De pastilhas e amendoins

Publicidade Publicidade

Todo produto começa por uma boa embalagem. Depois de dois ou três talhos abertos por uma lâmina de barbear cega, em frente ao espelho, pensei “Agora sim!”. Calça e camisa engomada. Ok Sapatos limpos. Ok E uma sacola cheia de livros. Na última hora, repassando o discursozinho: “Bom dia, Olha, meu livro trata…”  Meu ou nosso? Talvez nosso. A questão da impessoalidade ajudaria a enfrentar a timidez. Embora o nosso fosse mesmo o meu. Os livros não estavam saindo, apesar de serem só elogios. Mas elogios só alimentam o ego – que nem sei se tive um dia – e não pagam nem meio quilo de carne, nem o café que tanto amo. Então decidi transformar duas caixas fechadas de elogios em ao menos trezentos gramas de mussarela – impulsionado também pelo fato de estar desempregado. Juntei o que pude numa sacola e saí sem hora para voltar, dez contos no bolso, e com a máxima popular Deus ajuda a quem cedo madruga.

O ônibus chegava na altura do Centro de Parnamirim, indo em direção a Natal, quando a porta traseira abriu. Uma vendedora ambulante e um senhor com uma bíblia na mão subiram ao mesmo tempo.

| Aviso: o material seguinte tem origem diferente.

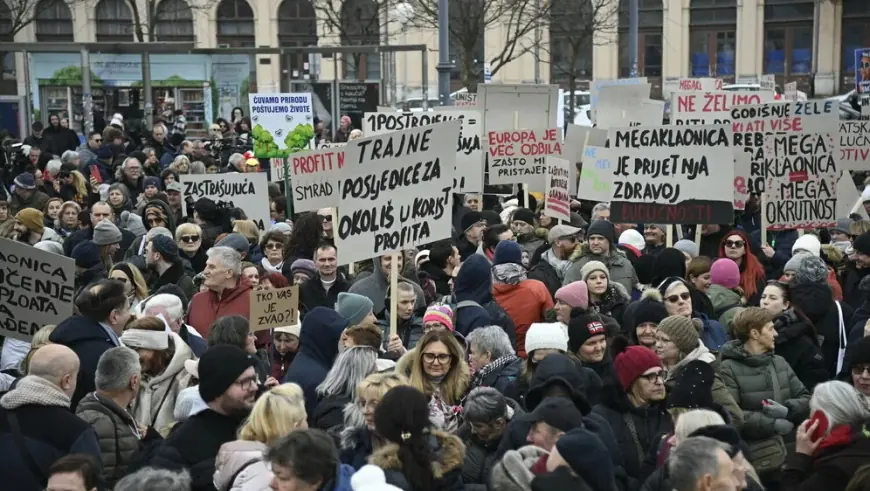 FOTOGALERIJA VELIKI PROSVJED U ZAGREBU: "MEGA ZLO MOŽE UNIŠTITI JEDNU ŽUPANIJU. PREMIJER TREBA ZNATI..."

A jovem ambulante facilmente ganhou a dianteira. Deu um bom dia  que  poucos responderam e logo começou a falar de seus deliciosos  amendoins torrados e sem casca que curavam até impotência sexual. Depois as pastilhas, que também curava vários males. Por fim,  jogando a toalha, disse que estava desempregada e que a melhor solução que havia encontrado foi vender pastilhas e amendoins. Depois foi a vez do pregador. Dizendo que já estávamos vivendo o início do Apocalipse. Apontando para enfermidades, tremores de terra, vulcões, erupções então – óbvio- chegou a Jesus, que também curava vários males – mas com a condição de nos arrependermos antes.

Uns no celular, outros com fones no ouvido, e ninguém fazia qualquer menção de arrependimento ou o que quer que seja .

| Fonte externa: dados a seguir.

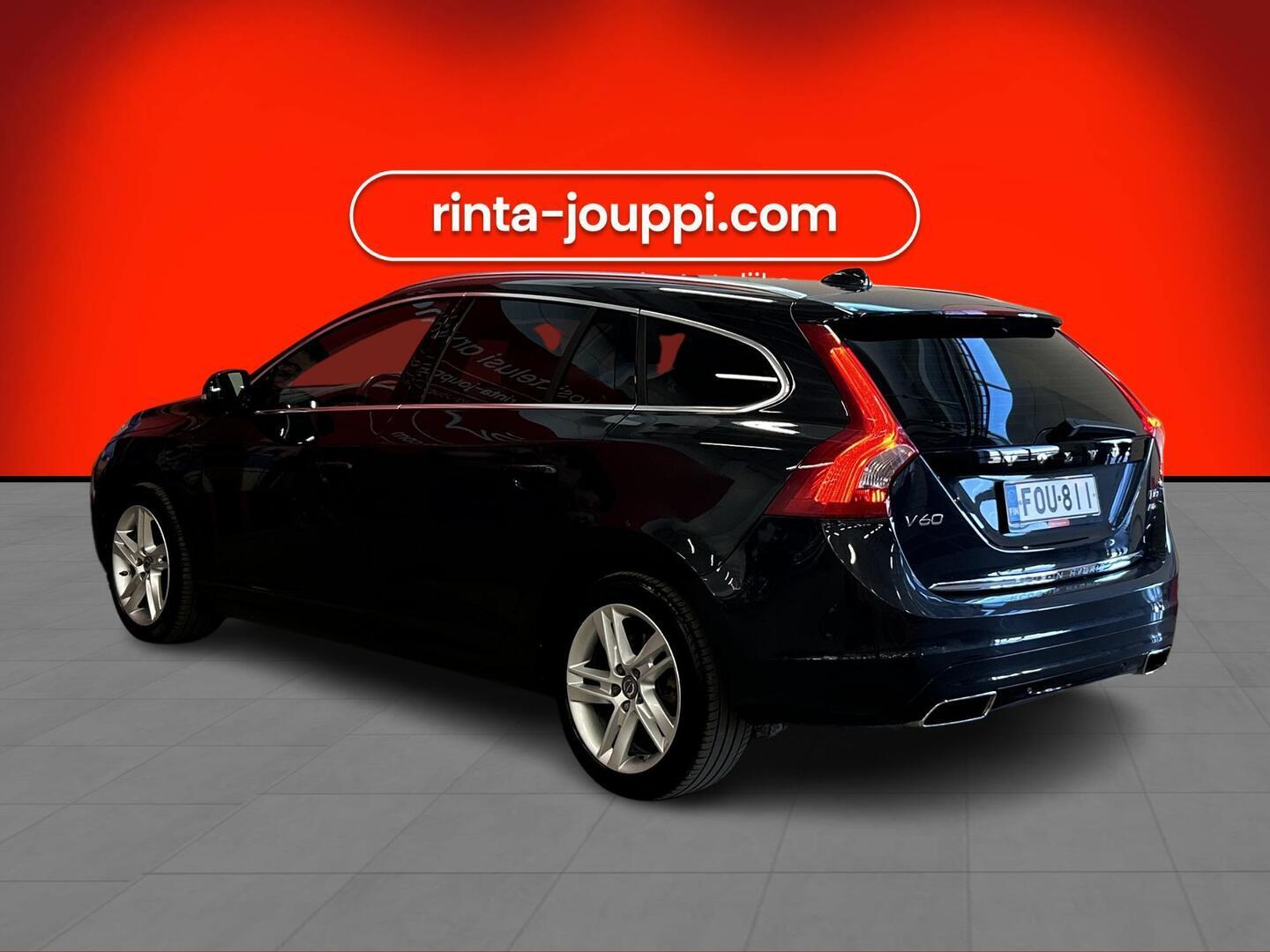 VOLVO V60 2015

Chegávamos a Natal. Dentro em pouco, ao meu destino. Eu ia pensando em meus livros. Em como vender uma visão particular, precária e melancólica do cotidiano vulgar. Talvez devesse pular logo essa parte e dizer “Bem, escrever foi a melhor solução que encontrei, pois no momento estou desempregado e…”Mais fácil seria vender pastilhas e amendoins, disse a mim mesmo.

Agora o ônibus parava em um sinal. Um homem a pé avança entre carros. Está com uma placa ao pescoço. Desempregado. Pede emprego. Lista o que sabe fazer. A família passando necessidades. O filho não tem leite. Grito por ele. Da janela do ônibus estendo a mão. Ele se arrisca por algumas moedas, mesmo com o sinal aberto. Alguns quilômetros à frente, um outro pedinte. Também pedindo ajuda. Também com uma placa no pescoço.Desta vez é a mãe doente. Número de celular para contato. Contei rapidamente três ou quatro notas. Chamei-o pela janela. E lá se foram meus dez contos. Voltei pra casa de mãos abanando. Ou melhor. Com as mãos cheias de livros — não vendi nada.  Não sou tão habilidoso quanto os homens no sinal. Escrevo.Apenas escrevo.